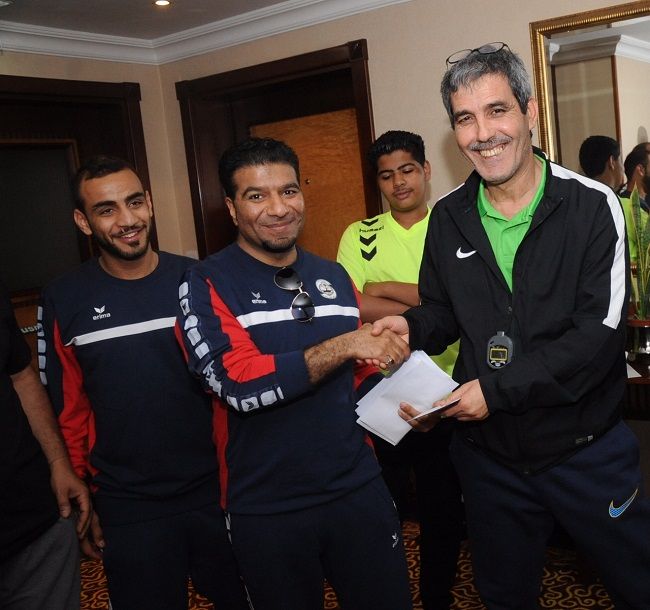 رئيس نادي النور حسين العبكري خلال تسليمه المكافآت المالية للفريق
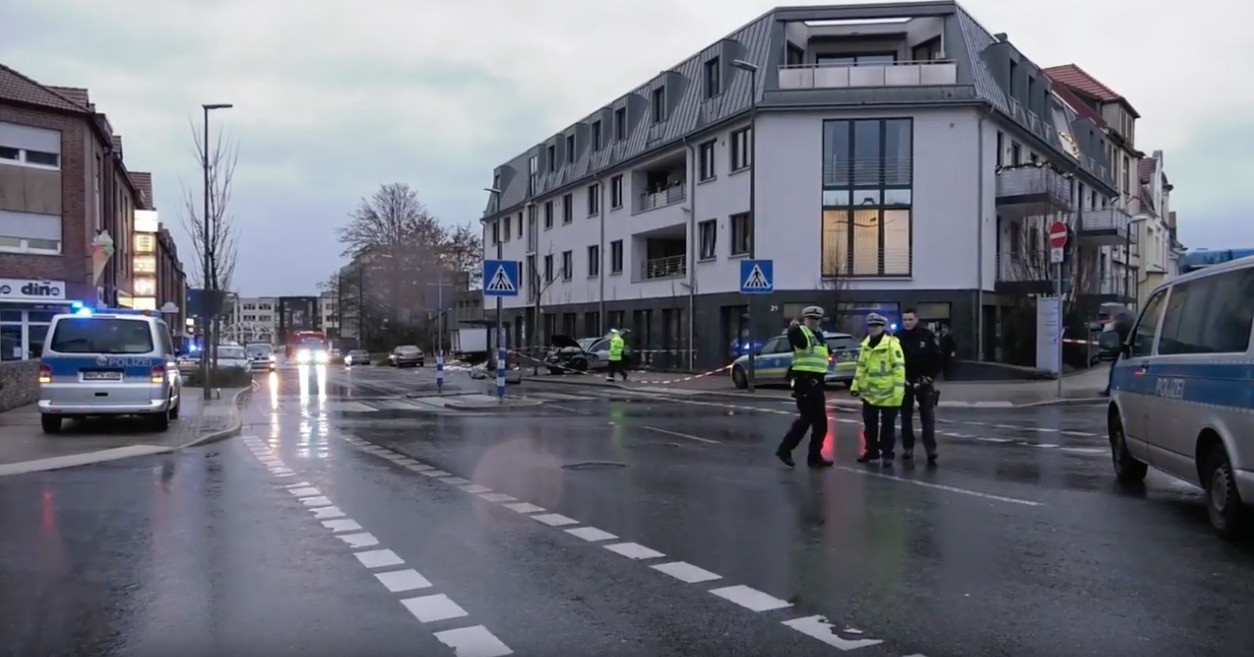 Γερμανία: Αυτοκίνητο έπεσε σε στάση λεωφορείου – 10 τραυματίες [Βίντεο]
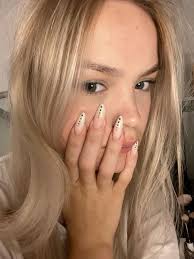 Ella Sullivan (ellaluvsugar)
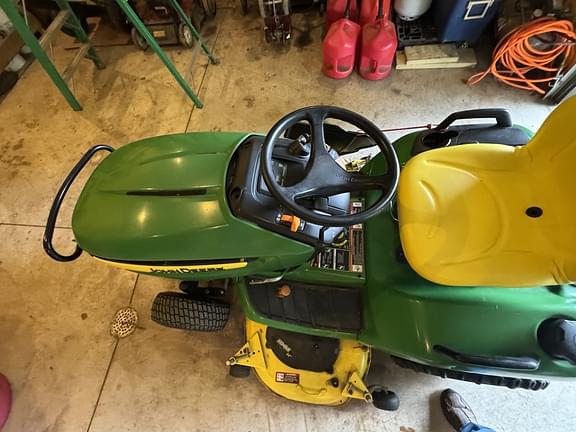 Image of John Deere X540 equipment image 4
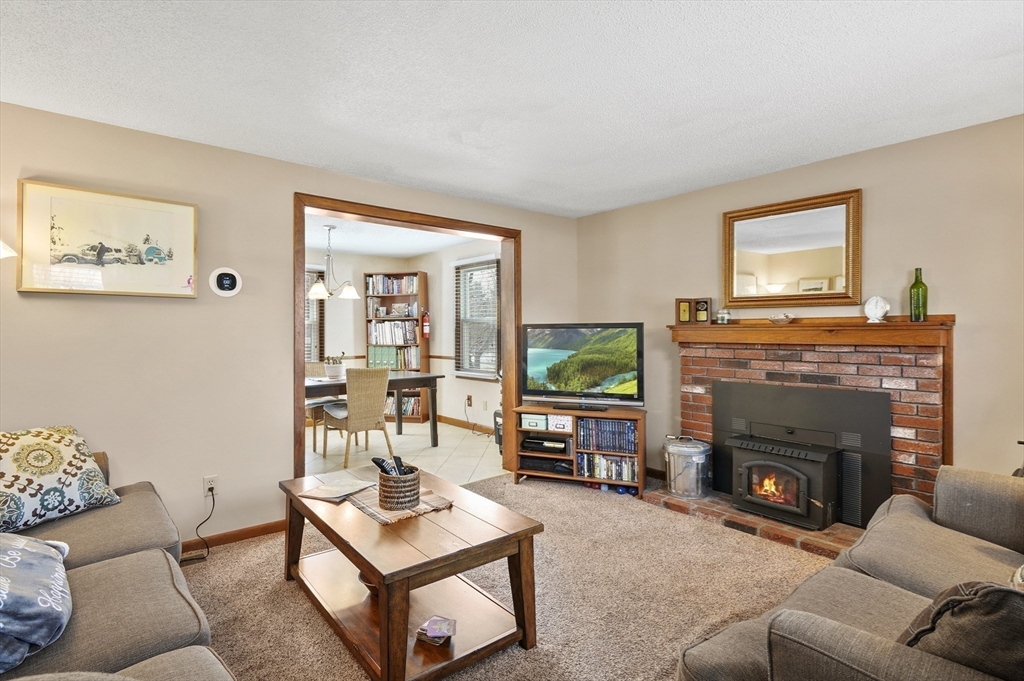 395 Providence Road, Unit 6 Grafton, MA 01560 - Photo 8 of 32 Gallery Image 8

* **Exercise details**: Once the line holding "Ella Sullivan (ellaluvsugar)" is found, set down that line and every line after it, exactly, through the last line of the records above, omitting pictures.

* **Result of this task**:
 Ella Sullivan (ellaluvsugar)
 Image of John Deere X540 equipment image 4
 395 Providence Road, Unit 6 Grafton, MA 01560 - Photo 8 of 32 Gallery Image 8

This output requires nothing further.